The city, named Stanyslaviv (Stanisławów), was erected as a fortress to protect the Polish-Lithuanian Commonwealth from Tatar invasions and to reinforce the region in case of some other Khmelnytsky Uprising would occur. It was built on the site of the village of Zabolotiv, which had been known since 1435.[4] The village and the land around it were purchased by Stanisław Rewera Potocki from another Polish nobleman Rzeczkowski. The area was utilised for recreation, in and particular hunting. The city's name was later coined by the Stanisław's son, Polish nobleman Andrzej Potocki commemorating it to his father.[2][5]

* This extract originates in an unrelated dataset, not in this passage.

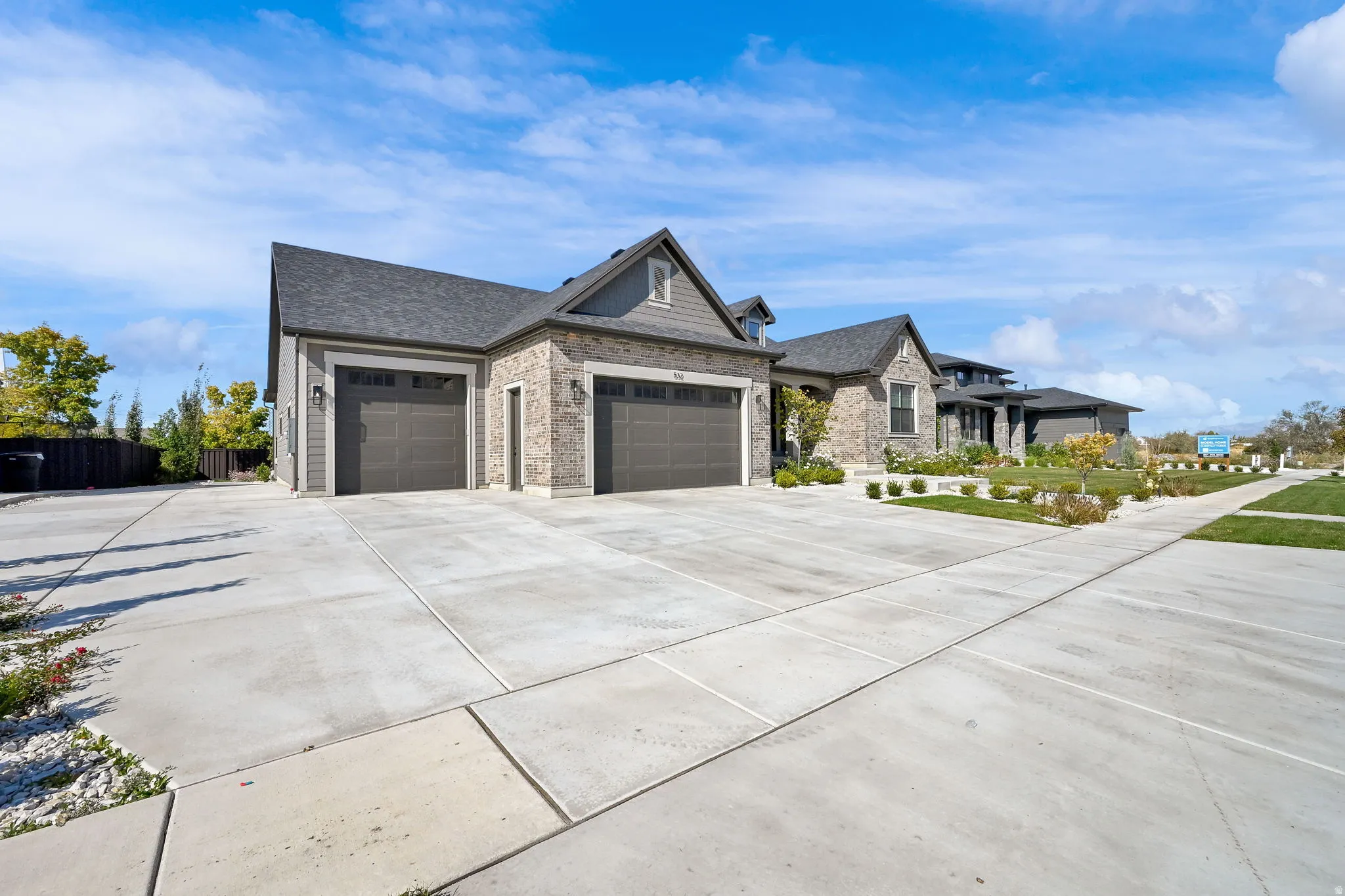 View of front of home featuring a garage, concrete driveway, stone siding, and a shingled roof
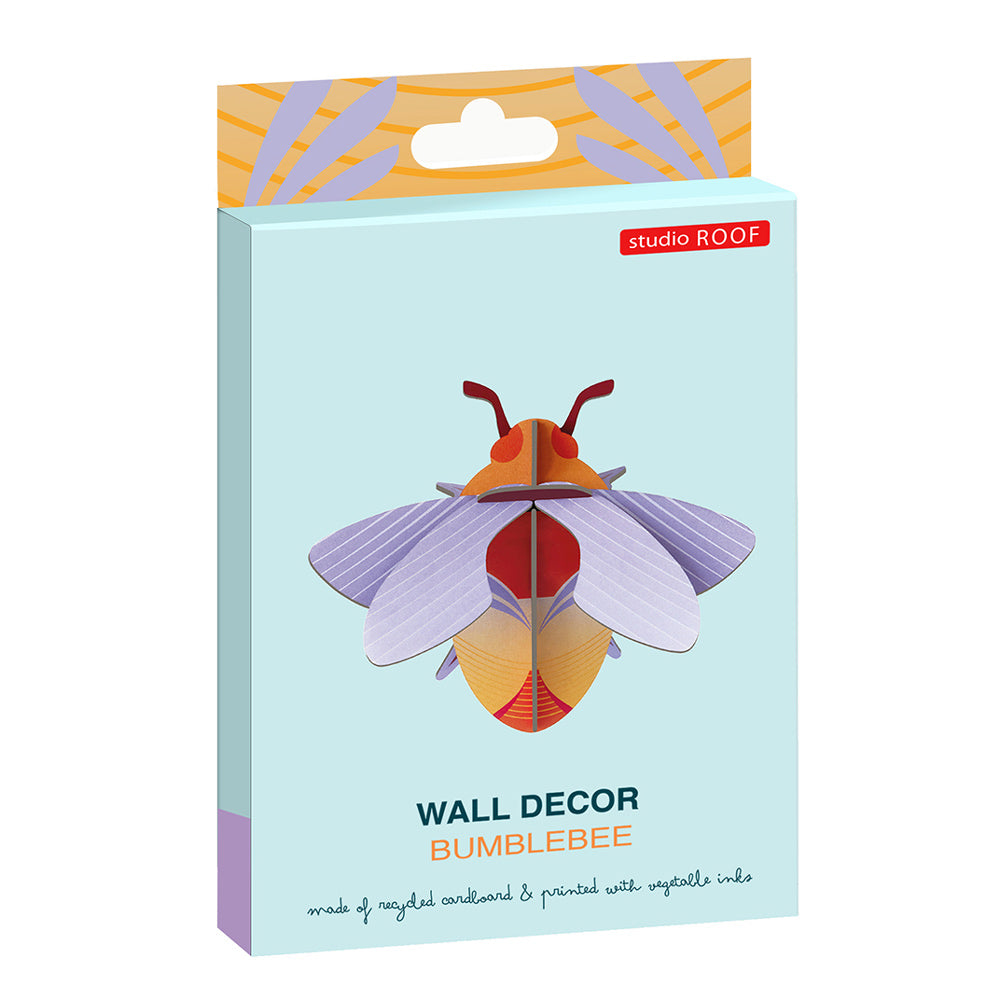 Packaging for the Studio roof cardboard bumblebee wall decoration on a white background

Andrzej received the Magdeburg rights for his city from the hands of Jan Casimir in 1662. The first architect of the Stanisławow castle was from Avignon, Francisco Corasini at the time when Andrzej initiated the redesigning of the Zabolotiv village into the city of Stanislav in 1650. The city had two main gates which were known as the Halytska gate and Tysmenytska gate. The alternative names were Lvivska and Kamianetska respectively. The names were given for the direction in which they were facing. There was one more smaller gate known as Armenian or Zabolocki. Also a new large fortified Potocki palace was erected in the place of older smaller wooden one. Today this building serves as the military hospital. In the same year Jews were granted rights of permanent settlement and permission to engage in work and commerce as "residents among the Polish-Ruthenian and Armenian nation", as well as "rights to leave the city at will".[6] In 1666 the city's first town hall (or ‘ratusha’) was erected and built out of wood.[7] Soon afterwards, when in 1672 the Turks conquered the fortress of Kamianets-Podilskyi, Stanyslaviv, together with Halych, became strongholds against Turkish forces. It was attacked and besieged in 1676, but the Turks did not manage to capture and pillage the city. However, Stanyslaviv was so badly destroyed that in 1677 the Sejm in Warsaw relieved the city of its tax duties.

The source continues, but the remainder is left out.